> Instructions to follow
The expected answer is the full listing, repeated exactly and free of images.

> Supplied data

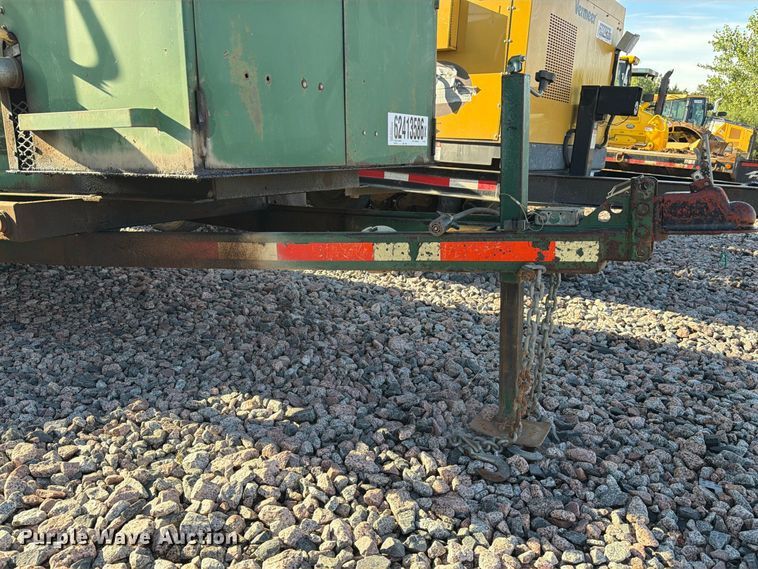 image for item YA4289 2005 HMDE fuel trailer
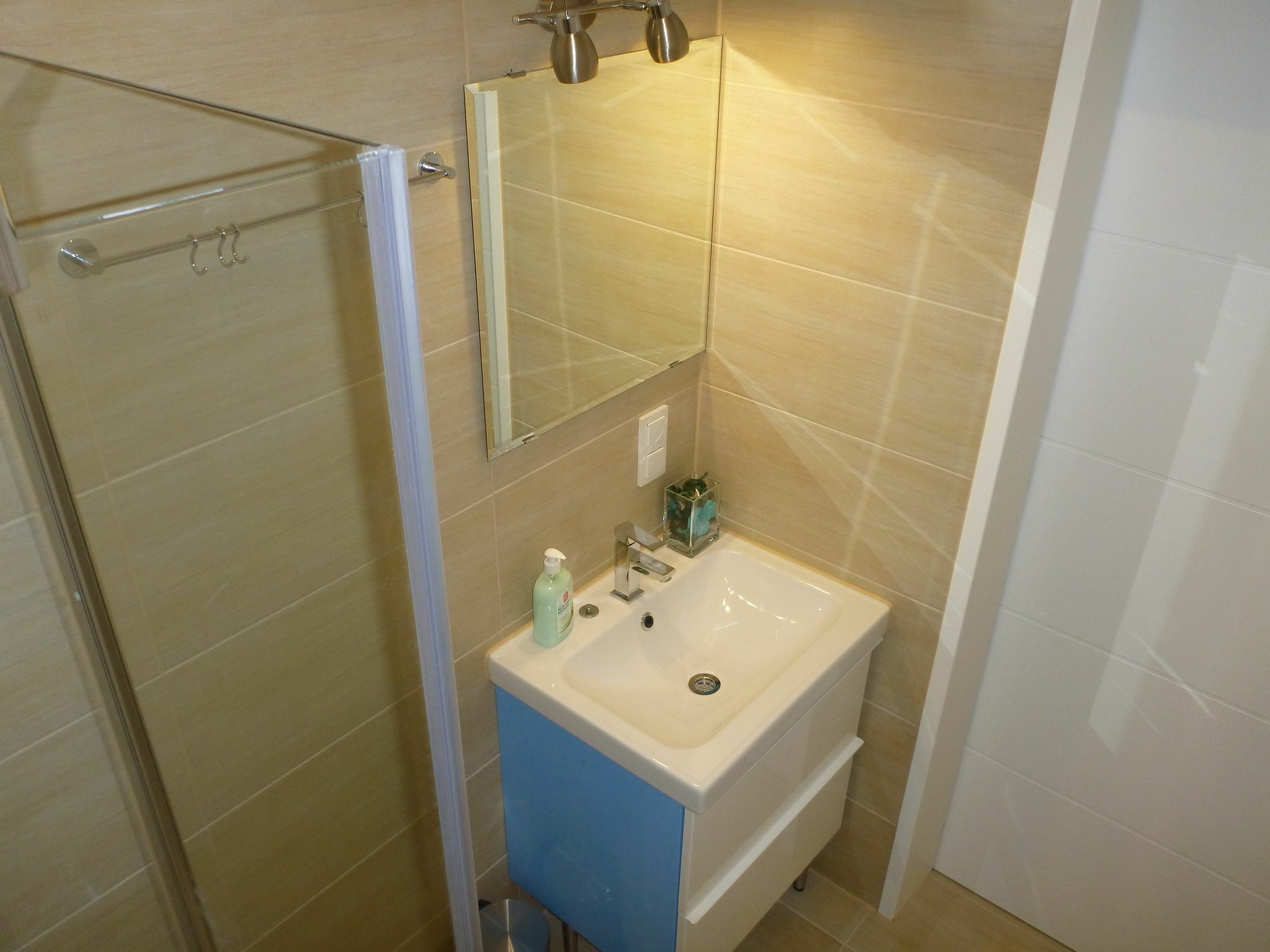 Flatprovider Comfort Eduard Apartment - Contactless Check In ウィーン エクステリア 写真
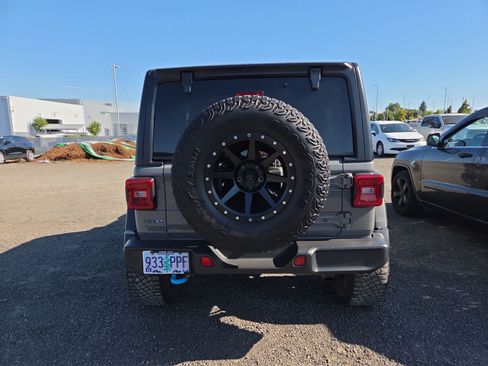 Used 2023 Jeep Wrangler Unlimited Rubicon 4xe w/ Cold Weather Group AWD/4WD image 12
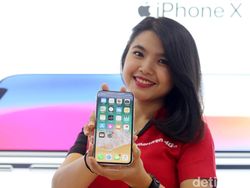 Mengintip Keseruan Berburu iPhone X di Jakarta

> Expected output
 image for item YA4289 2005 HMDE fuel trailer
 Flatprovider Comfort Eduard Apartment - Contactless Check In ウィーン エクステリア 写真
 Used 2023 Jeep Wrangler Unlimited Rubicon 4xe w/ Cold Weather Group AWD/4WD image 12
 Mengintip Keseruan Berburu iPhone X di Jakarta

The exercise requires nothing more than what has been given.